The World

Navalny’s Names

Police officers detain protest leader Alexei Navalny outside Zamoskvoretsky district court in Moscow on Feb. 24, 2014.

Photo by Vasily Maximov/AFP/Getty Images

Anti-corruption blogger, opposition candidate, and all-around Kremlin irritant Alexei Navalny is frequently accused by opponents of being a pawn of the U.S. government. After President Obama released a list yesterday of wealthy Russian insiders being sanctioned in the wake of the Crimea annexation, some Russians are joking that Navalny is really the one pulling the strings.

As Andrey Tselikov notes at Global Voices, Navalny wrote a post on his popular LiveJournal page on Wednesday asking readers who they thought should face sanctions over the Ukraine situation.

The leading vote-getters in the poll were a group of “biznesmeni” with close ties to Putin’s inner circle: Gennady Timchenko of the commodity trading firm Gunvor; construction magnates Arkady and Boris Rotenberg, who may have been the biggest beneficiaries of the Winter Olympics; and Yuri Kovalchuk of Bank Rossiya, often referred to as the personal banker of Russia’s rulers.* Navalny also brought up these names in a New York Times op-ed the same day, titled, “How to Punish Putin.”

Navalny and his readers got their wish. The very next day, those four individuals, along with Kovalchuk’s company, Bank Rossiya, were the very ones the Treasury Department singled out for sanctions, for “materially assisting, sponsoring, or providing financial, material, or technological support for, or goods or services to or in support of, a senior official of the Government of the Russian Federation.” 

Another name discussed in Navalny’s blog post, Russian Railways Chairman and close Putin associate Vladimir Yakunin, is also facing sanctions as a political official.

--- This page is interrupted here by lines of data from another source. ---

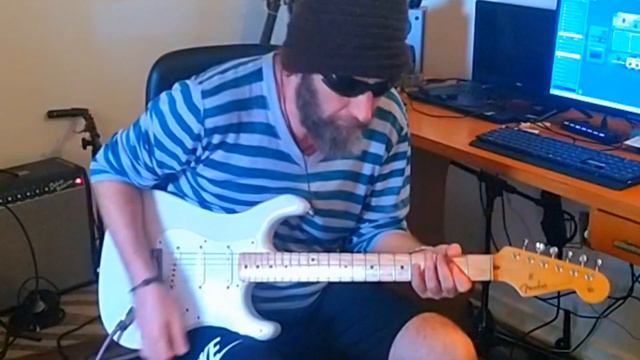Fender Stratocaster AVRI'56 (2013) + Line 6 DL4 MKII смотреть онлайн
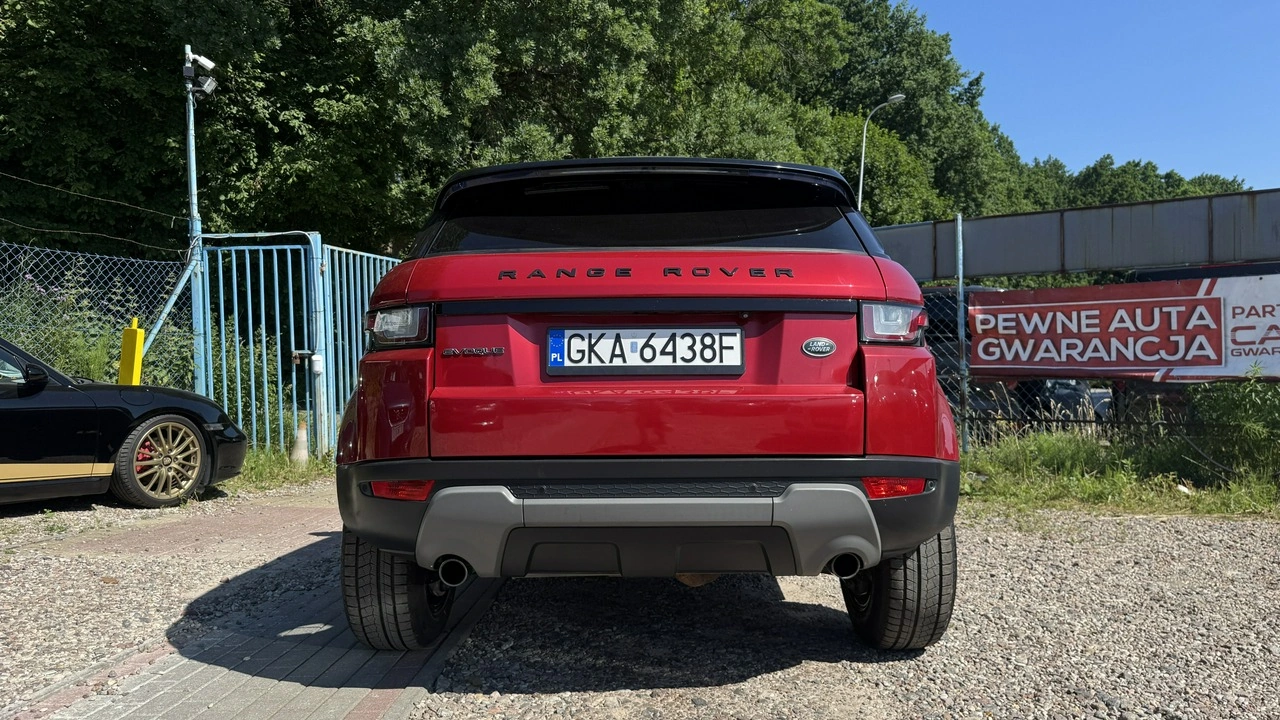 Land Rover Range Rover Evoque - Zdjęcie 6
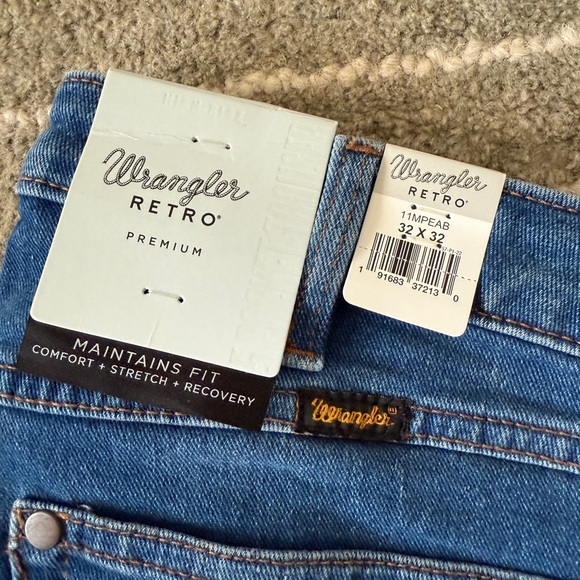 Wrangler Retro Trouser Jeans - Picture 5 of 5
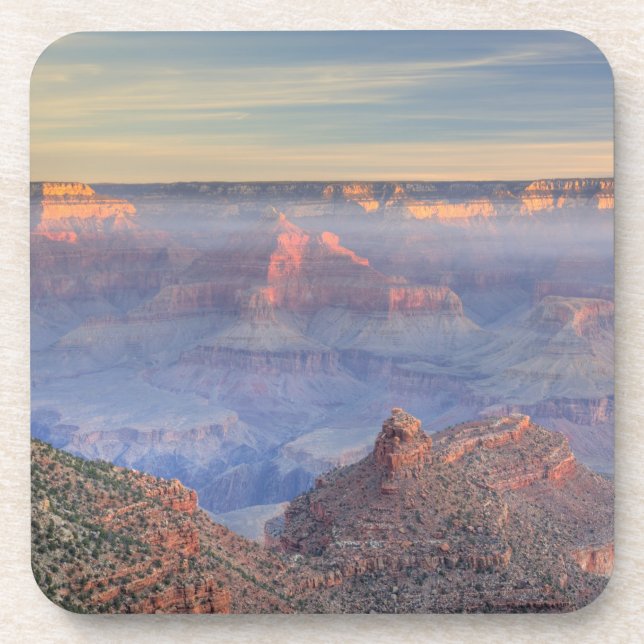 AZ, Arizona, Grand Canyon National Park, South 6 Coaster (Front)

Fifteen senior Russian officials were also sanctioned.

Given that the op-ed and the sanctions list appeared only a few hours apart, it doesn’t seem very likely that that Navalny’s suggestions actually influenced the policy. The coincidence mostly underlines the fact that these were the most obvious targets available. A Treasury spokesperson told Slate by email that Navalny’s suggestions hadn’t played a role in the decision and that the department had “fashioned these sanctions to impose costs on individuals who wield influence in the Russian government and those responsible for the deteriorating situation in Ukraine.”

It’s also worth noting that a few of the other recommendations for targets in Navalny’s Times piece—“the oligarchs Roman A. Abramovich and Alisher B. Usmanov; and Igor I. Sechin and Aleksei B. Miller, the heads of Rosneft and Gazprom, respectively”—were notable by the absence from the final list. 

But the overall strategy Navalny recommended in the Times, targeting Putin’s inner circle by “freezing the oligarchs’ financial assets and seizing their property,” is basically the one the White House has settled on.

Navalny, who was released pending appeal last summer amid widespread protests after being sentenced to five years in prison on seemingly trumped-up embezzlement charges, is currently under house arrest after being arrested at a rally in Moscow last month. His blog is also among the sites recently blocked on orders from Russia’s attorney general. All told, he’s probably pretty satisfied today, though.

*Correction, March 21, 2014: This post originally misstated the name of commodity trading firm Gunvor.